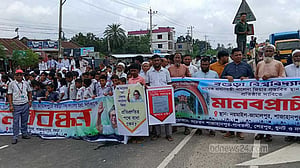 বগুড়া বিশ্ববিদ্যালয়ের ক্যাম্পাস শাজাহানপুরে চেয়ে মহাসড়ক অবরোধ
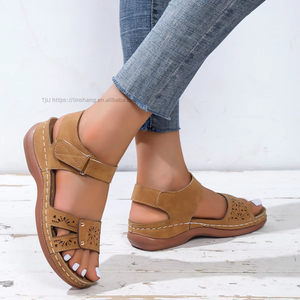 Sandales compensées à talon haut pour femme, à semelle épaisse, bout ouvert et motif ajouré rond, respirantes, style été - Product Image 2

...

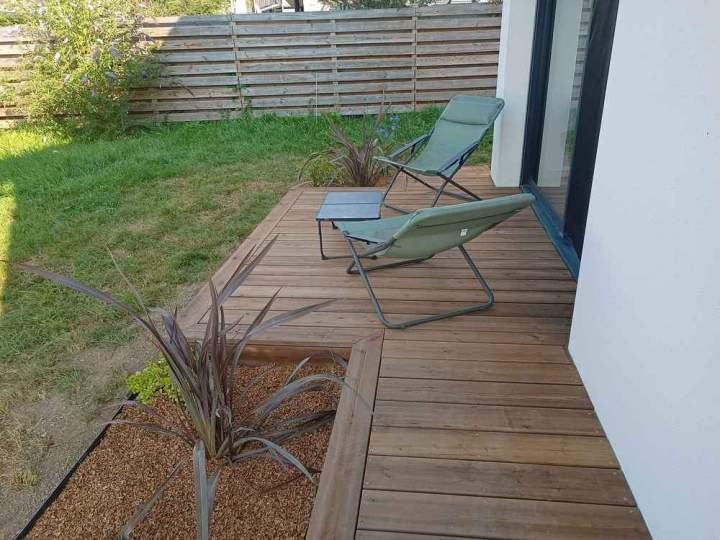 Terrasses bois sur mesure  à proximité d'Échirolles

--

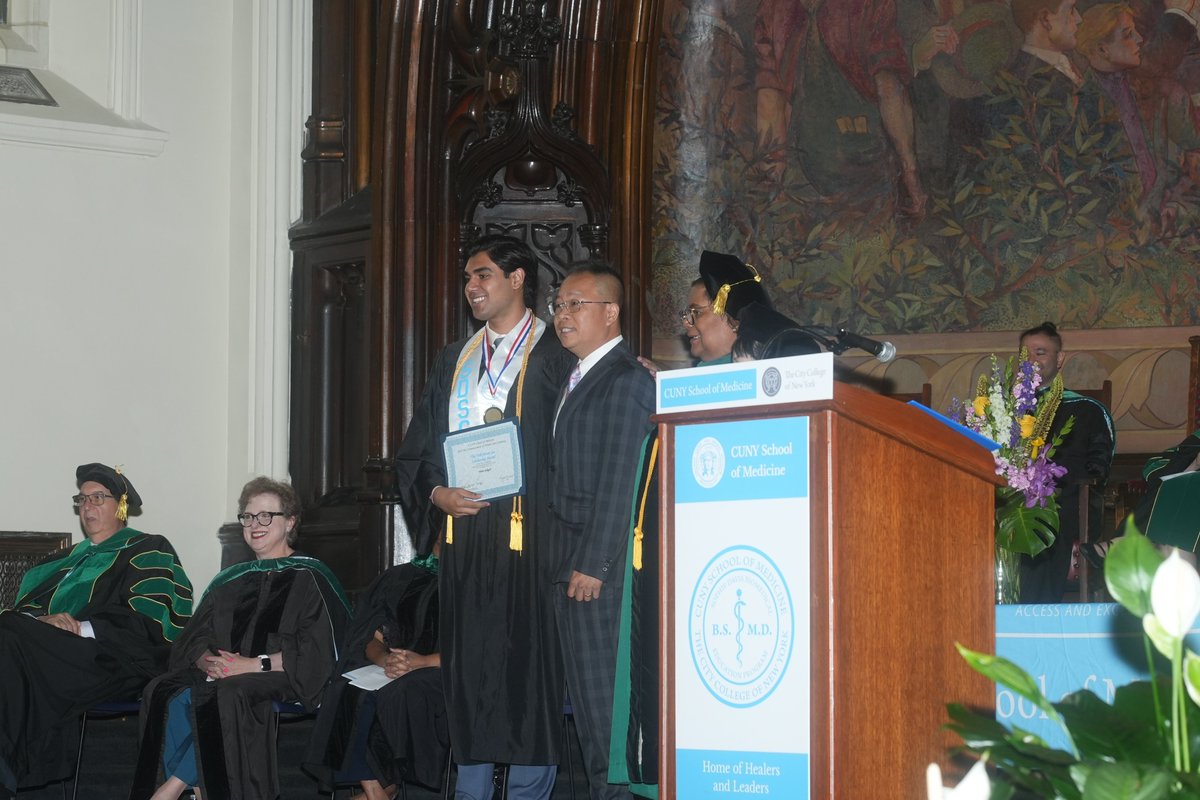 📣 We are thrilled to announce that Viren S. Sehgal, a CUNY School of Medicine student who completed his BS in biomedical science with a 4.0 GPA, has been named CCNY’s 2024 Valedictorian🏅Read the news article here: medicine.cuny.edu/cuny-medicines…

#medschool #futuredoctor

* [WHAT IS NEEDED]
Write out word for word the lines of the listing above from the line with "বগুড়া বিশ্ববিদ্যালয়ের ক্যাম্পাস" to the line with "Sandales compensées à", taking in both of those lines but no pictures.

* [SOLVED EXERCISE]
 বগুড়া বিশ্ববিদ্যালয়ের ক্যাম্পাস শাজাহানপুরে চেয়ে মহাসড়ক অবরোধ
 Sandales compensées à talon haut pour femme, à semelle épaisse, bout ouvert et motif ajouré rond, respirantes, style été - Product Image 2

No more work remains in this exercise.